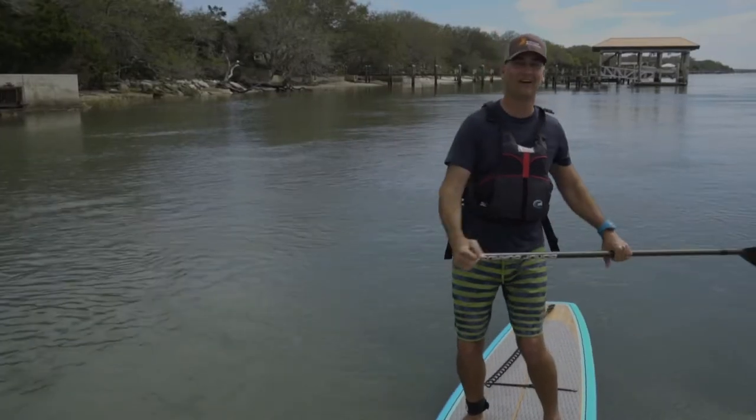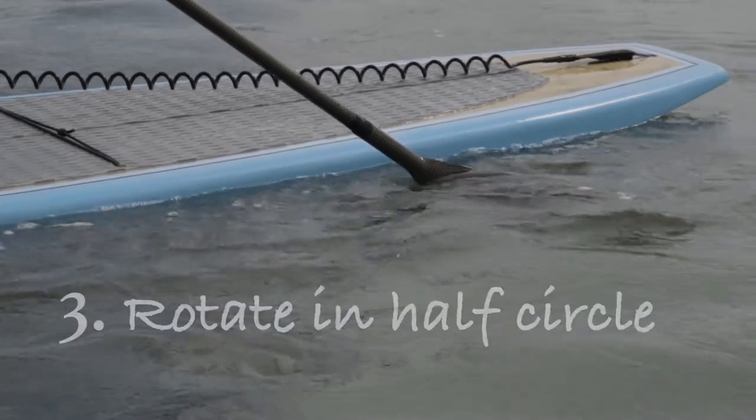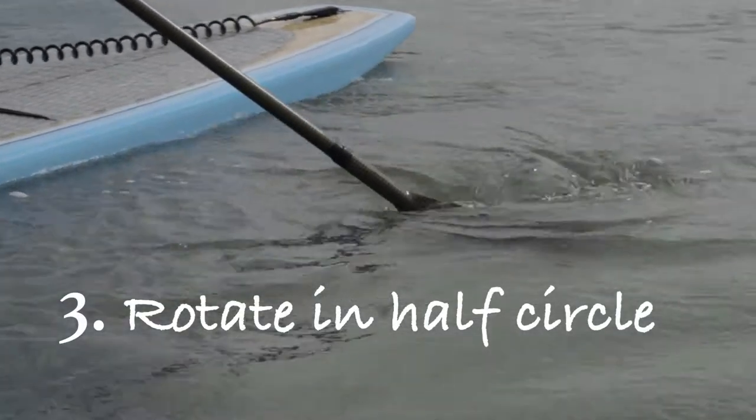Next, slice the entire blade into the water near the tail. Finally, the blade travels in a half circle from the tail to the nose.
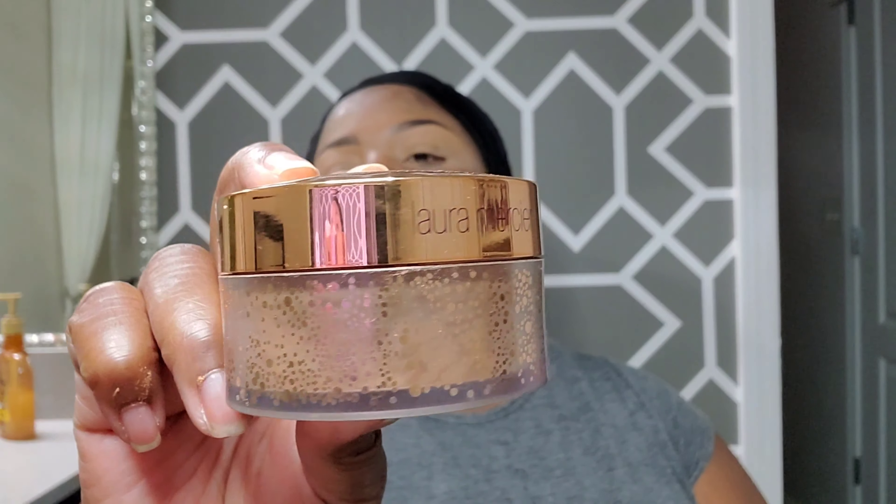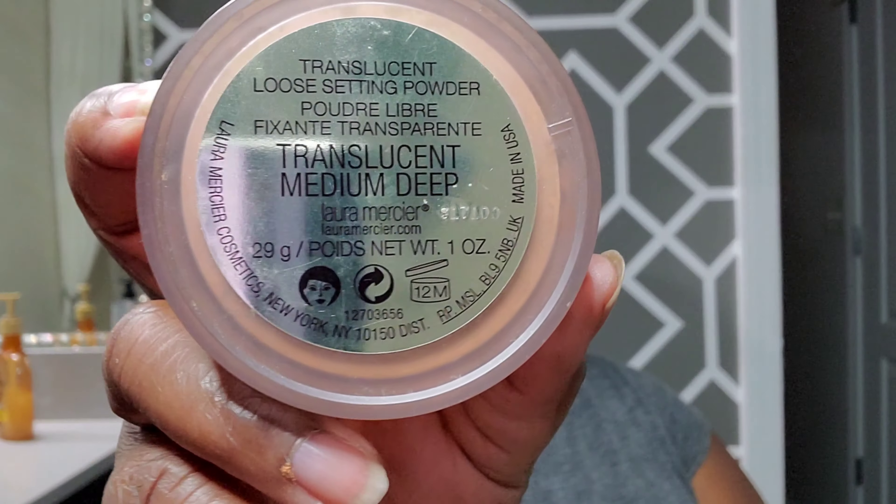Here I am adding some Laura Mercier setting powder — it's the translucent medium deep — to set the concealer I just put over my eye. I tend to develop oil pretty quickly at my crease and it would have started to crease, so I'm setting it right away with that powder.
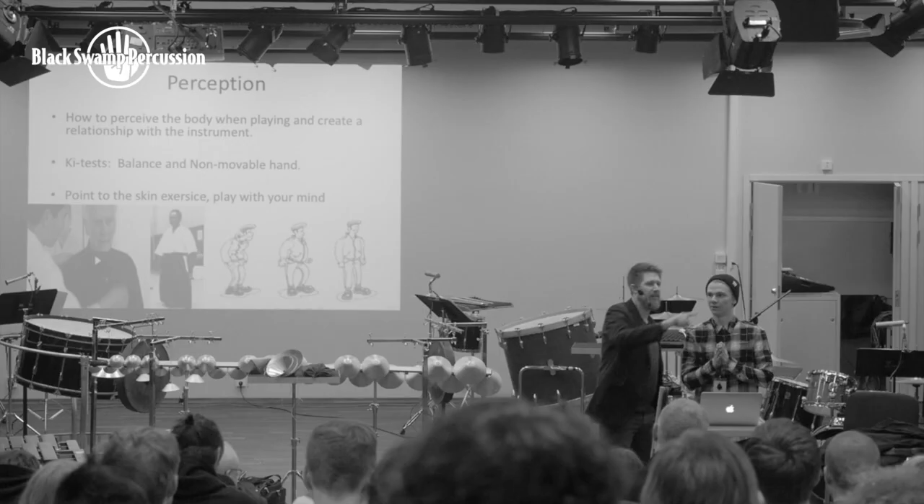Especially for tambourine playing, we have two very important exercises in Ki Aikido: the non-movable hand, and the other one is called the good handshake.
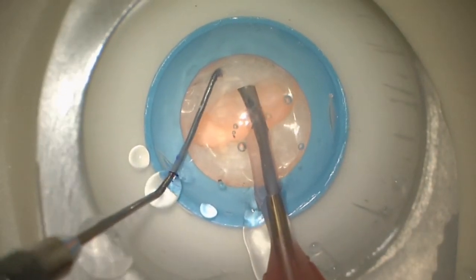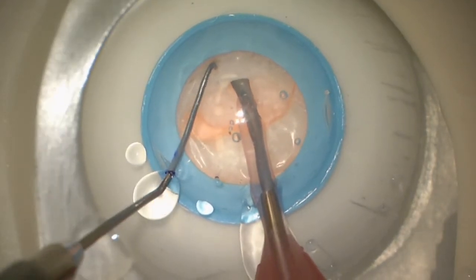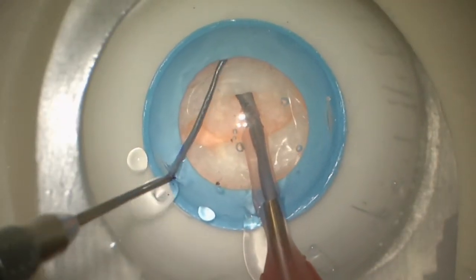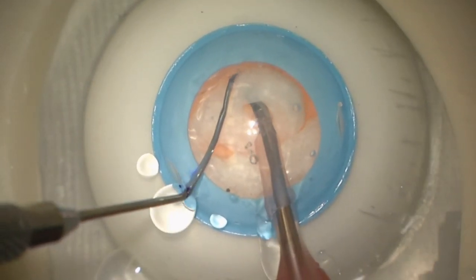Here we're going to embed into the half, using higher vacuum settings now. We'll embed into the half, reach around, and do a very horizontal chop for the stop-and-chop.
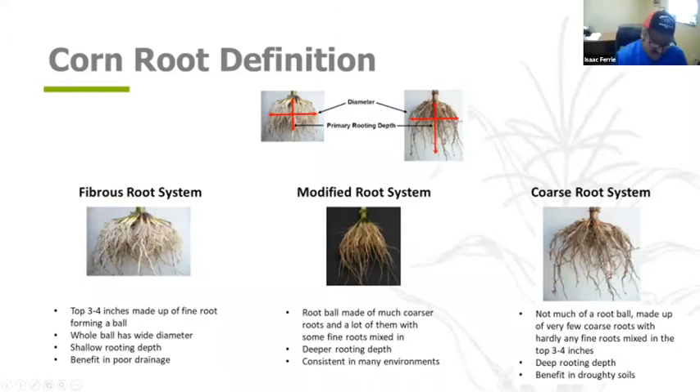We haven't done a lot of work on this, but it definitely interests me. We've focused most of our effort above ground. Looking at rooting systems — key restrictions might be compaction or hard pan, where a grower on highly erodible ground can't take out a compaction layer, or he's dealing with a very shallow B horizon. If I'm looking for depth of root through restrictions, does that move me toward a coarse chassis, or can I get there with the modified?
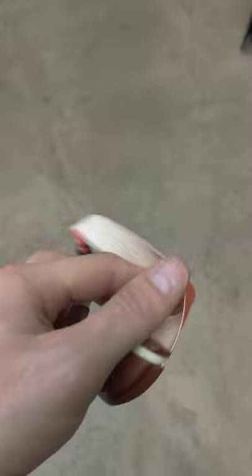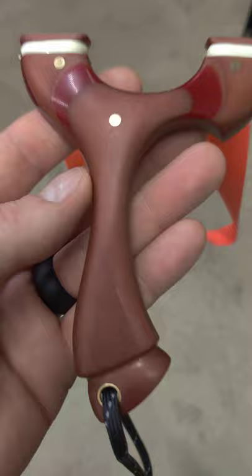Got it banded with some .65 Falcon. Awesome.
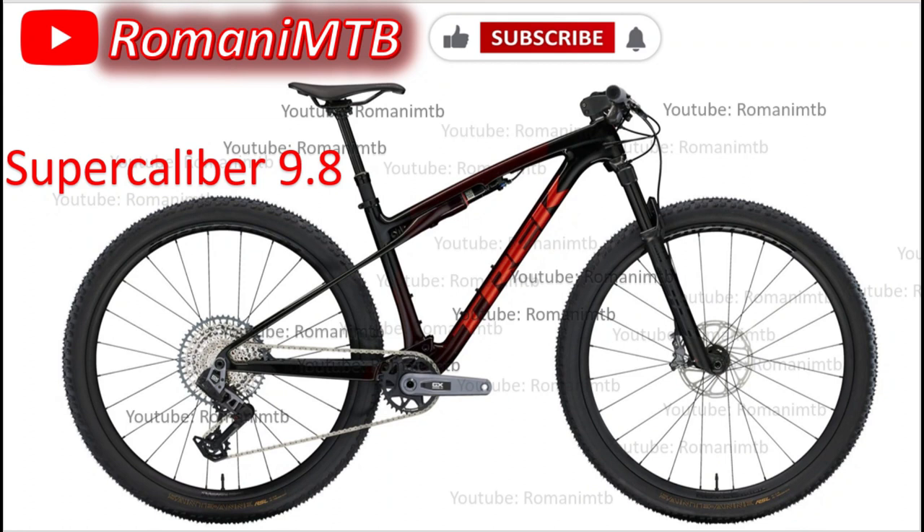Good evening. Like and subscribe. This channel is usually a Spanish-speaking channel, but right now I'm doing the English version of this video because I think this information should reach everyone. In English you'll reach even more people. If you want to see the Spanish version, the link is in the description.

────────

INSTRUCTIONS TO FOLLOW - Between and including the line above that contains "Here we're going" and the line that contains "Got it banded with some .65 Falcon. Awesome.", restate every line word for word. Pictures stay out.

EXERCISE RESULT -
Here we're going to embed into the half, using higher vacuum settings now. We'll embed into the half, reach around, and do a very horizontal chop for the stop-and-chop.
We haven't done a lot of work on this, but it definitely interests me. We've focused most of our effort above ground. Looking at rooting systems — key restrictions might be compaction or hard pan, where a grower on highly erodible ground can't take out a compaction layer, or he's dealing with a very shallow B horizon. If I'm looking for depth of root through restrictions, does that move me toward a coarse chassis, or can I get there with the modified?
Got it banded with some .65 Falcon. Awesome.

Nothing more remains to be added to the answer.